03, 2002 As the crystal probe slides across her belly, hilda manzo, 33,
stares wide-eyed at the video monitor mounted on the wall. She can
make out a head with a mouth and two eyes. She can see pairs of arms
and legs that end in tiny hands and feet. She can see the curve of a
backbone, the bridge of a nose. And best of all, she can see
movement. The mouth of her child-to-be yawns. Its feet kick. Its
hands wave.
Dr. Jacques Abramowicz, director of the University of Chicago's
ultrasound unit, turns up the audio so Manzo can hear the gush of
blood through the umbilical cord and the fast thump, thump, thump of
a miniature heart. "Oh, my!" she exclaims as he adjusts the sonic
scanner to peer under her fetus' skin. "The heart is on the left
side, as it should be," he says, "and it has four chambers.

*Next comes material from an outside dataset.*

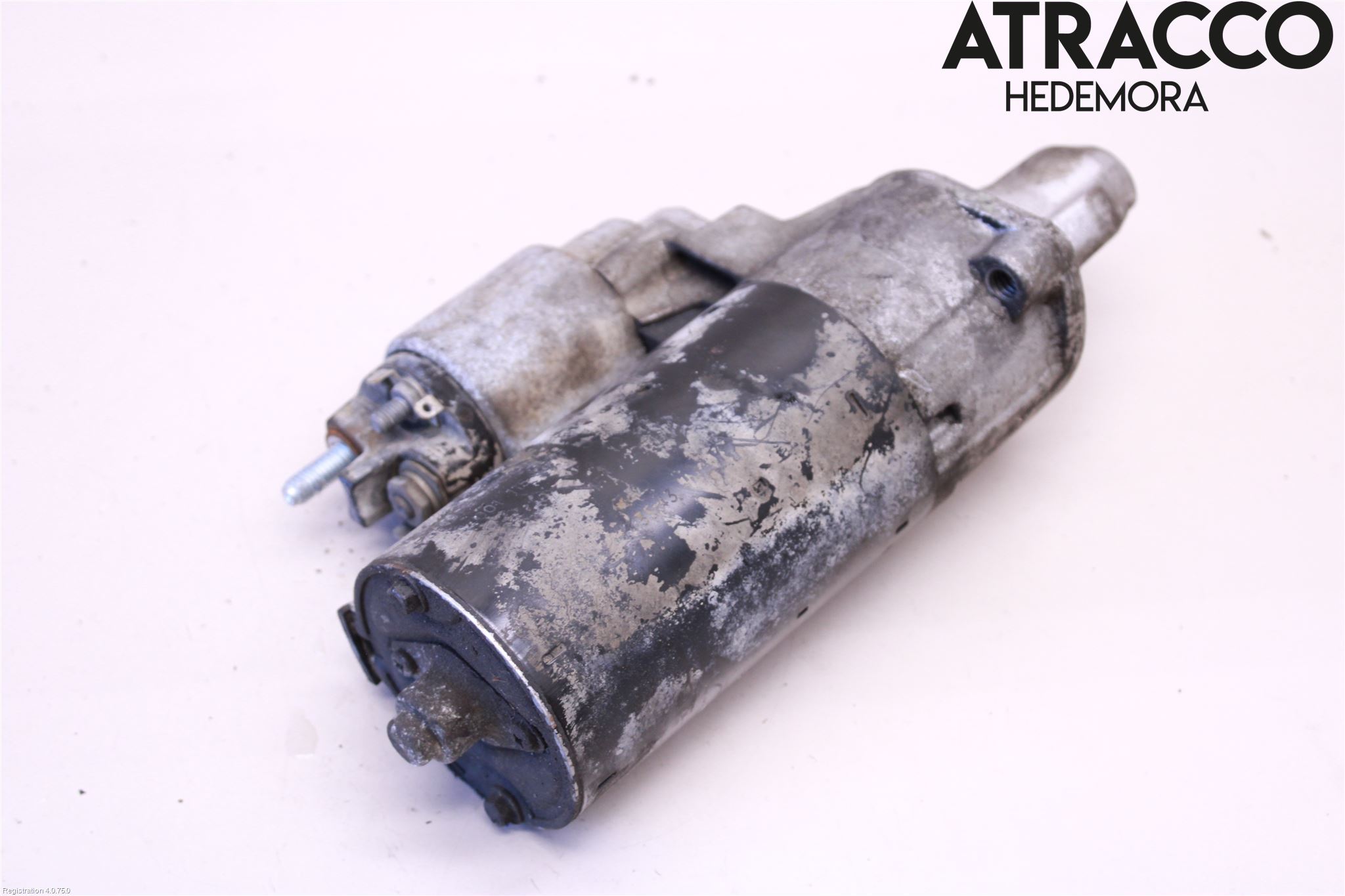 Mercedes-Benz MB C-KLASS (W204) 07-15 Startmotor Diesel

Look--one, two, three, four!"
Such images of life stirring in the womb--in this case, of a
17-week-old fetus no bigger than a newborn kitten--are at the
forefront of a biomedical revolution that is rapidly transforming
the way we think about the prenatal world. For although it takes
nine months to make a baby, we now know that the most important
developmental steps--including laying the foundation for such major
organs as the heart, lungs and brain--occur before the end of the
first three. We also know that long before a child is born its genes
engage the environment of the womb in an elaborate conversation, a
two-way dialogue that involves not only the air its mother breathes
and the water she drinks but also what drugs she takes, what
diseases she contracts and what hardships she suffers.

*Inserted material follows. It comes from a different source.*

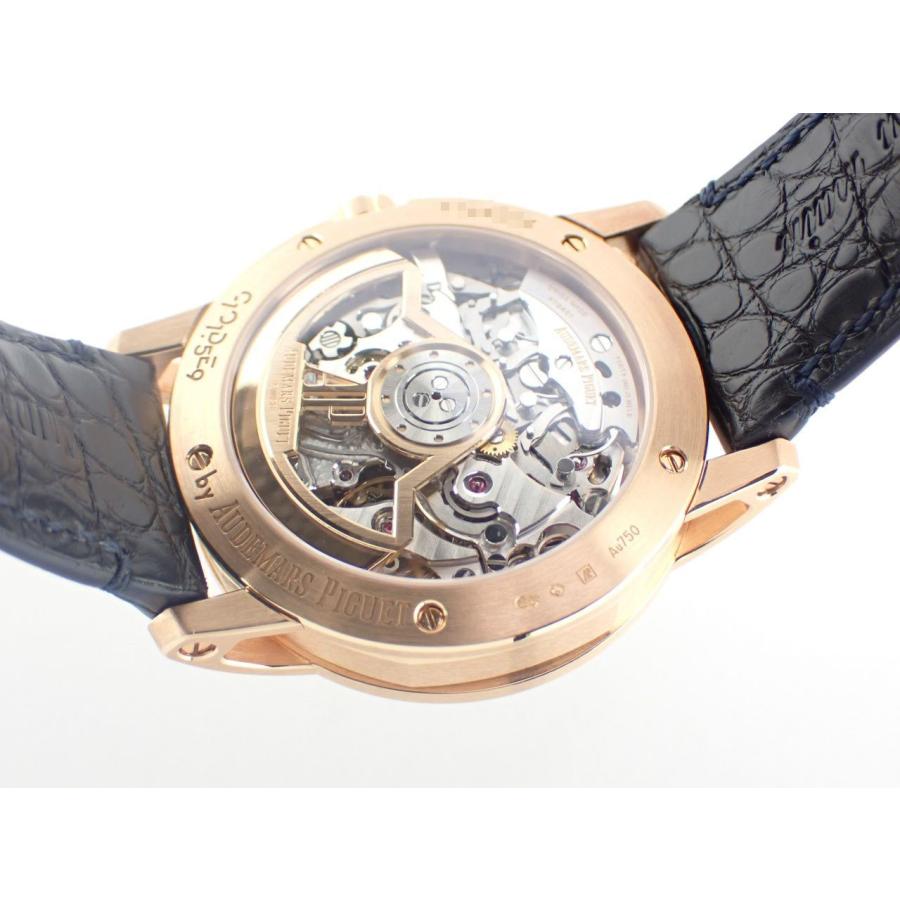 オーデマピゲ CODE11.59 バイ オーデマピゲ クロノグラフ 26393OR.OO.A321CR.01 中古美品 | AUDEMARS PIGUET | 07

One reason we know this is a series of remarkable advances in
mris, sonograms and other imaging technologies that allow us to peer
into the developmental process at virtually every stage--from the
fusion of sperm and egg to the emergence, some 40 weeks later, of a
miniature human being. The extraordinary pictures on these pages
come from a new book that captures some of the color and excitement
of this research: From Conception to Birth: A Life Unfolds
(Doubleday), by photographer Alexander Tsiaras and writer Barry
Werth. Their computer-enhanced images are reminiscent of the
remarkable fetal portraits taken by medical photographer Lennart
Nilsson, which appeared in Life magazine in 1965. Like Nilsson's
work, these images will probably spark controversy. Antiabortion
activists may interpret them as evidence that a fetus is a viable
human being earlier than generally believed, while pro-choice
advocates may argue that the new technology allows doctors to detect
serious fetal d! efects at a stage when abortion is a reasonable
option.
The other reason we know so much about what goes on inside the
womb is the remarkable progress researchers have made in teasing
apart the sequence of chemical signals and switches that drive fetal
development. Scientists can now describe at the level of individual
genes and molecules many of the steps involved in building a human,
from the establishment of a head-to-tail growth axis and the budding
of limbs to the sculpting of a four-chambered heart and the weaving
together of trillions of neural connections. Scientists are
beginning to unroll the genetic blueprint of life and identify the
precise molecular tools required for assembly. Human development no
longer seems impossibly complex, says Stanford University biologist
Matthew Scott. "It just seems marvelous."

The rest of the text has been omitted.